Documentare senza eccesso di zelo - lo spazio non consente l'elencazione puntuale delle iniziative, per le quali si rimanda ai fascicoli di bilancio - ma con fedeltà dieci anni di politica culturale della fondazione ferrarese significa percorrere una via emblematica, richiamare alla memoria nodi, episodi salienti, tappe significative, in cui l'intervento risanatore - si tratti del restauro della basilica di Santa Maria in Vado o della 'restituzione' di una parte dell'immenso patrimonio artistico, concepito in e per Ferrara e poi disperso un po' ovunque - lungi dall'essere spettacolare, diventa segno particolare di impegno e concretezza.

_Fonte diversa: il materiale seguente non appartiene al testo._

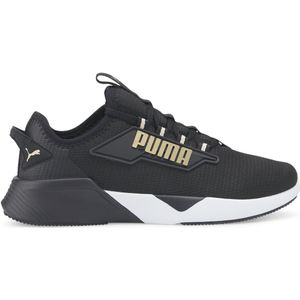 Puma Sneakers 376676 16 Zwart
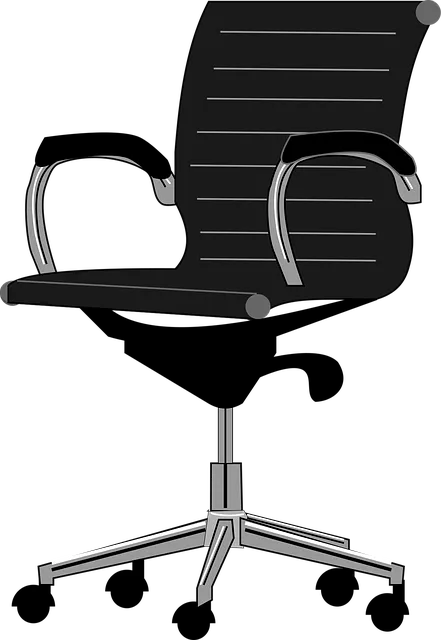 it-support-for-dentist-office-mcallen-tx-640x480-36321725.png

Offrire all'uomo la possibilità di contemplare la bellezza significa fargli il dono più prezioso. Nella contemplazione del bello, infatti, la persona viene quasi rapita in quell'universo di luce intelligibile che costituisce la sua vera dimora e che rifulge dentro le realtà sensibili.

Come già Platone per primo aveva compreso, la grande importanza della bellezza consiste nel fatto che essa è visibile anche dagli occhi fisici, oltre che da quelli dell'anima: anzi, l'anima la vede attraverso gli occhi del corpo e l'uomo si sperimenta così come unità integrata di corpo e di spirito.

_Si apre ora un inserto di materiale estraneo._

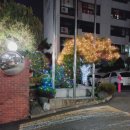 귀빈장식 - 경주시 초당길19번길 1 | 귀빈장식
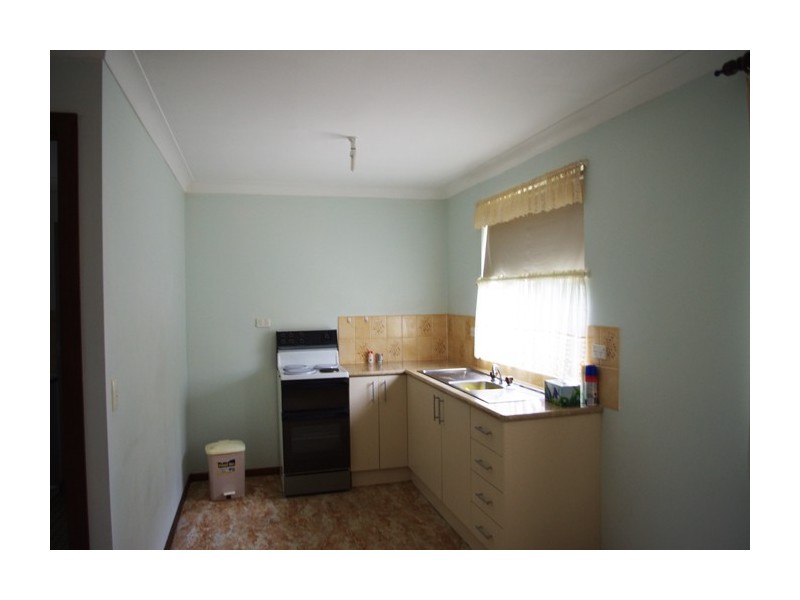31A Allerton Avenue, Culburra Beach NSW 2540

Quand'anche Ercole I d'Este non avesse letto Platone, nell'acconsentire alle istanze dei Canonici Regolari Lateranensi del Santissimo Salvatore per la costruzione di una chiesa nuova e più spaziosa in luogo di quella, " a male stato ridotta", dove avvenne il primo miracolo eucaristico, il 28 marzo 1171, affidandone l'incarico a Ercole de' Roberti, depinctore, e a Biagio Rossetti, inzegnero, - era profondamente convinto del valore dell'arte, dell'architettura, del bello quindi, capace di trasmettere emozioni formidabili che travalicano lo spazio e il tempo, come testimoniano illustri visitatori come Deseine, De Brosses, Lalande: intenti ducali nobilissimi che volevano celebrare il miracolo e consacrare, a un tempo, il luogo del prodigio in funzione antieretica con l'ausilio di tutta la tecnica, l'eccellenza, la magnificenza disponibile.

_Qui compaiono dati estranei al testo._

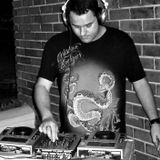 Kathy Brown Ft. Junior C - Dont Give UP (Mash-Up DJ Dude)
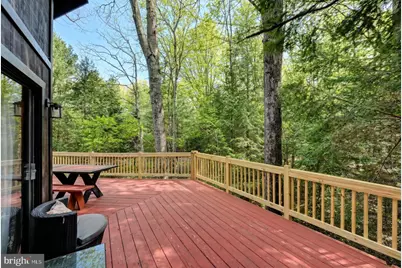 56 Dryden Drive, Albrightsville, PA 18210 - Photo 57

Ben si comprende quindi la prontezza con cui la Fondazione abbia risposto, nel 1993, alla palese necessità di restauro - si rese necessaria la chiusura al culto della basilica - e l'impegno indiscutibile profuso, in sinergia con la soprintendenza di Ravenna lungo l'arco di sei anni, col quale ha sostenuto l'opera di ripristino di questo tempio, così come documenta il ricco volume curato da Carla di Francesco per i tipi di Motta.

Scarsellino, Scena allegorica.Se sottrarre alla dispersione il patrimonio d'arte della città è l'intento che presiede alla nascita del museo, Ferrara ha trovato nella Fondazione una preziosa alleata, tant'è che, appena nata - se così si può dire - ha riportato dall'asta di Sotheby's nella nostra città ventitré dipinti facenti parte della cospicua quadreria del marchese Massimiliano Sacrati Strozzi (1797-1859), che si aggiungono all'altro lotto già presente da alcuni anni in Pinacoteca. Tra i dipinti acquistati a Londra figurano, tra gli altri, un Battista Dossi, uno Scarsellino, Biagio d'Antonio, Giovanni di Pietro Falloppi (Giovanni da Modena) e quattro tavolette, prima solo attribuite a Domènikos Theotokòpoulos detto El Greco.

El Greco a parte, acquistando e depositando in Pinacoteca collezioni - o sue partizioni, come nel caso della Sacrati Strozzi - oppure singoli dipinti - dalla Crocifissione del Garofalo alle Scene Allegoriche di Scarsellino, alla Sacra Famiglia e San Giovannino di Carlo Bononi, all'Adorazione dei Magi di Niccolò Pisano, a Giacobbe e Rachele al pozzo del Maestro dei Dodici Apostoli -, opere d'arte legate alla storia e alla cultura di Ferrara, la Fondazione ha compiuto un'operazione benemerita, quasi una sorta di restauro ideale dell'immagine della città, vulnerata da sottrazioni progressive.

Risuonano in tutta la loro composta e lucida verità le parole di Quatremère de Quincy: "Sapete troppo bene, amico mio, che dividere è distruggere... Cos'è l'antico a Roma se non un grande libro di cui il tempo ha distrutto le pagine del quale le ricerche moderne, ogni giorno riempiono i vuoti e riparano le lacune? Cosa farebbe la potenza che sciogliesse per esportarlo e per appropriarsene di alcuni di quei monumenti interessantissimi? Precisamente ciò che farebbe un ignorante che strappasse da un libro i fogli IN cui trova delle vignette". (Lettres à Miranda)

Ma se "dividere è distruggere", per converso "riunire è ricostruire". Lo stesso Quatremère de Quincy fa riferimento a "ricerche moderne" che "riempiono i vuoti e riparano le lacune". E quando queste ultime non possono essere colmate, se non temporaneamente, il discorso filologico fa sì che venga ricomposto il mosaico, il "Paradiso Perduto" cui faceva riferimento Andrea Emiliani. È il caso de La leggenda del Collezionismo, - terza e ultima tappa simbolica di questo percorso retrospettivo sui dieci anni della politica culturale della Fondazione - titolo della fortunata mostra, promossa dalla Fondazione, che, dal 25 febbraio al 16 maggio 1996, ha riflettuto su un fenomeno fondamentale e complesso qual è stato il collezionismo ferrarese, in bilico tra il compiacimento del possesso e il piacere estetico della conoscenza.

Quest'alone leggendario della Ferrara sognata e rievocata dai collezionisti ottocenteschi è la città legata alla signoria degli Este, assurta al rango di "capitale del Rinascimento" in cui arte, musica, letteratura si intrecciano come i fili di un grande arazzo. I dipinti raccolti secondo un percorso museale e una regia espositiva originale, hanno inteso ricostruire luoghi scomparsi come lo studiolo di Leonello a Belfiore, i sontuosi appartamenti di Alfonso I in Castello.

Una chiosa al 'racconto' potrebbe essere quella di sottolineare una caratteristica del 'nuovo' collezionismo inaugurato dalla Cassa di Risparmio prima e poi raccolto, a guisa di testimone, dalla Fondazione. Penso al felice 'matrimonio' tra quest'ultima e la Pinacoteca Nazionale, beneficiaria tutt'altro che passiva della volontà di non considerare le meraviglie dell'arte un tesoro da custodire gelosamente nei propri saloni, ma di affidarle a mani esperte affinché siano visitate e apprezzate sempre più.